Can’t you take a joke? UK defamation case offers guidance on when the Courts will be amused

The Australian parody/satire fair dealing defence to copyright infringement was introduced in December 2006 (s 41A of the Copyright Act ).  But does anyone really know what it covers?  Humour is subjective, and there is a dearth of relevant case law in this country.  Of course, the parody/satire defence doesn’t require a piece to be funny per se (although such a requirement could lead to interesting courtroom debates), and the nature of parody implies that the piece must at least be comedic in nature. But how can we know when courts will see the funny side of life and find that the defendant’s use of the work constitutes a fair dealing?

The recent UK defamation case of Sir Elton John v Guardian News & Media Limited [2008] EWHC 3066 (QB) (12 December 2008) may offer some guidance on when Courts will consider a piece to be written with a sense of humour, and thus within the bounds of parody.

In July 2008, the Guardian newspaper published in jest a fictitious extract from the diary of Elton John about the White Tie & Tiara Ball. The Ball is an annual event hosted by Sir Elton to raise money for his AIDS charity.  Sir Elton took offence at the suggestion in the fictitious diary that “Once we’ve subtracted all these costs [being the costs of hosting a lavish event as well as the cost of new dresses and diamonds], the leftovers go to my foundation”. No stranger to defamation actions, Sir Elton sued the Guardian and argued that the statement implied that his commitment to the charity was not genuine, and the Ball was an opportunity for him to “meet celebrities and/or self promotion” rather than a genuine fund-raising event. 

The Guardian defended the action on the basis that the piece did not convey the meaning contended by Sir Elton because of the comedic nature of the work. The Judge agreed and found that, given the context, the fictitious diary was ironic and was “obviously a form of teasing”.  No reasonable reader could interpret the diary as being a serious report of the events.  The piece was a was a teasing parody, and not a news item.
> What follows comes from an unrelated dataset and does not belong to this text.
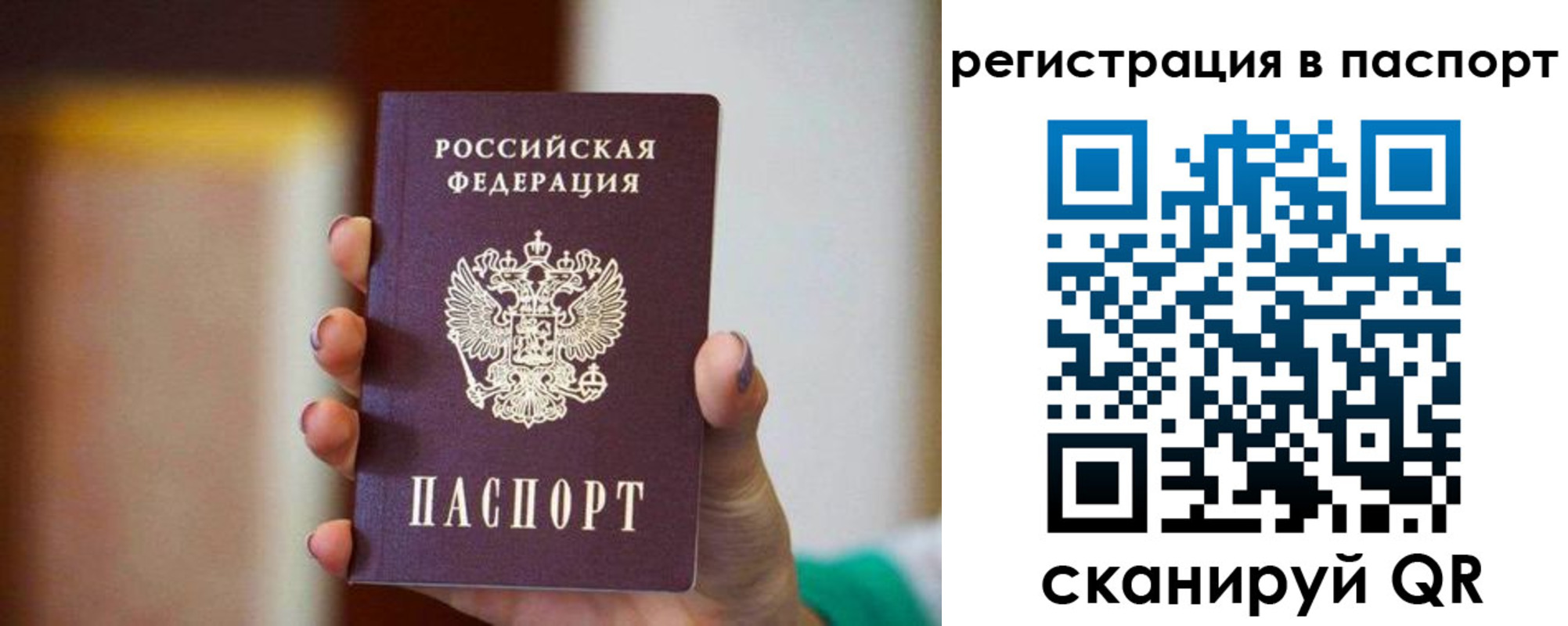 временная регистрация гарантия в Красном Сулине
Ultimately, the sense of humour in which the article was written and its context was vital to a reasonable readers’ understanding of the piece, and saved what otherwise might have been a defamatory piece from falling foul of the law.  Accordingly, this case offers some guidance as to what might be considered a ‘parody’ for the purposes of Australian copyright law.  The factors that were important in this case were:

  • The piece appeared as part of a weekly ‘diary’ column;
  • The authorship was attributed to Elton John, but that was obviously fictitious and no reader would reasonably believe it to be true;
  • The piece appeared in a special ‘Weekend’ pull-out section of a Saturday paper, rather than in the news section of the paper.

These factors indicated that the article was not intended to be an accurate report of facts.  As the Judge said, “If that was the allegation being made, a reasonable reader would expect so serious an allegation to be made without humour, and explicitly, in a part of the newspaper devoted to news.”  Similar factors may be relevant in considering whether the parody/satire fair dealing copyright defence applies in Australia.  However, only time will tell.  It may not always be easy to predict when the Courts will be amused. 

The full text of the decision is available at http://www.bailii.org/cgi-bin/markup.cgi?=/ew/cases/EWHC/QB/2008/3066.html.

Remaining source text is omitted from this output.